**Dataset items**
○ ○ ○ ○ ○

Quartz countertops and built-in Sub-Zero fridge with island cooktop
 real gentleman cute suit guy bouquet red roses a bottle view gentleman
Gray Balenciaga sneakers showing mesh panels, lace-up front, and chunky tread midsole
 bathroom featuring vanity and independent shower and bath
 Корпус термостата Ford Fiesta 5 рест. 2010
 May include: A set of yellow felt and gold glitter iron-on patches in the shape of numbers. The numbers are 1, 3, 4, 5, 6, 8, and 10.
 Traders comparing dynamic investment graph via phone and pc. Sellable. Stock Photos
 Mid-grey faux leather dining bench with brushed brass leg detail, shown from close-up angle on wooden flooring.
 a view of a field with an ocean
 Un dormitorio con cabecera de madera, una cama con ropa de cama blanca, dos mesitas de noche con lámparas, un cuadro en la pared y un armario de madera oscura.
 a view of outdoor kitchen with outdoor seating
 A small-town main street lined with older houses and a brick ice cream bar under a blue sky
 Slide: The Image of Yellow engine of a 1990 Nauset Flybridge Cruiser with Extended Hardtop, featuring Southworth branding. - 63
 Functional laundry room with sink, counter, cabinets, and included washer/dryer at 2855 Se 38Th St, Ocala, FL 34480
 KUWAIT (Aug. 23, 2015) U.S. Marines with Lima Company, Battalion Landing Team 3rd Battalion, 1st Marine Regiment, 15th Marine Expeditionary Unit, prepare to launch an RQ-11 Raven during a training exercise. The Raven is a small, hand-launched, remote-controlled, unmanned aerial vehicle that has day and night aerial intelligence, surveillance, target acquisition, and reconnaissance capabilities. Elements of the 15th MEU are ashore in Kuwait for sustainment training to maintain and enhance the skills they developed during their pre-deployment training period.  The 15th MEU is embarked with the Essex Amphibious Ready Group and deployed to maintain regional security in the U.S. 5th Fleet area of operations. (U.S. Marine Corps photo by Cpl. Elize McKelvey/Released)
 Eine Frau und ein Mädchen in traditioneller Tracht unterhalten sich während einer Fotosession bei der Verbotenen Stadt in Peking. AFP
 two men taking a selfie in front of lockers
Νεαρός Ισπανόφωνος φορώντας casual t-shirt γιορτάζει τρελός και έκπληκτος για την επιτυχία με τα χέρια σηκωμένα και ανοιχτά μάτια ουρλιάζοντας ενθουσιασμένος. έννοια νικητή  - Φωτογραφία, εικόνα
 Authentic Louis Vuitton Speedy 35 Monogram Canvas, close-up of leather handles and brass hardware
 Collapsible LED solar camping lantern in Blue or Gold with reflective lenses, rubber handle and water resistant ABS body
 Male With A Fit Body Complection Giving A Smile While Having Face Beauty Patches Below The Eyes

○ ○ ○ ○ ○

**Try it**
Transcribe the entries above word for word, from the first line through the line containing "a view of a field with an ocean", and nothing else.

**Reply to the exercise**
Quartz countertops and built-in Sub-Zero fridge with island cooktop
 real gentleman cute suit guy bouquet red roses a bottle view gentleman
Gray Balenciaga sneakers showing mesh panels, lace-up front, and chunky tread midsole
 bathroom featuring vanity and independent shower and bath
 Корпус термостата Ford Fiesta 5 рест. 2010
 May include: A set of yellow felt and gold glitter iron-on patches in the shape of numbers. The numbers are 1, 3, 4, 5, 6, 8, and 10.
 Traders comparing dynamic investment graph via phone and pc. Sellable. Stock Photos
 Mid-grey faux leather dining bench with brushed brass leg detail, shown from close-up angle on wooden flooring.
 a view of a field with an ocean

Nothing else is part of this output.